Task description:
Give the number of lines in these entries that contain the string "Hotel", with no further comment.

Start of Data extracts

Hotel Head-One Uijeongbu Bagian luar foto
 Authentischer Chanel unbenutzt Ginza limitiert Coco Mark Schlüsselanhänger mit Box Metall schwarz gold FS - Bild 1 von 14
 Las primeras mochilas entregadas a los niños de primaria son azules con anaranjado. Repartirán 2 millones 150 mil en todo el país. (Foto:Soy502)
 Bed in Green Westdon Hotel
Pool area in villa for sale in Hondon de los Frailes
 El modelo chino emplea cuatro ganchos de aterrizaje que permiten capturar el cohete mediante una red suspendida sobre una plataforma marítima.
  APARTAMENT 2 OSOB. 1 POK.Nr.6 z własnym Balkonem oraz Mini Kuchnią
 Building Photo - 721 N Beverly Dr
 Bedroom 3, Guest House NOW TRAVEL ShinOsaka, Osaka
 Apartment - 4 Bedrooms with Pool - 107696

End of Data extracts

Solution to this problem:
2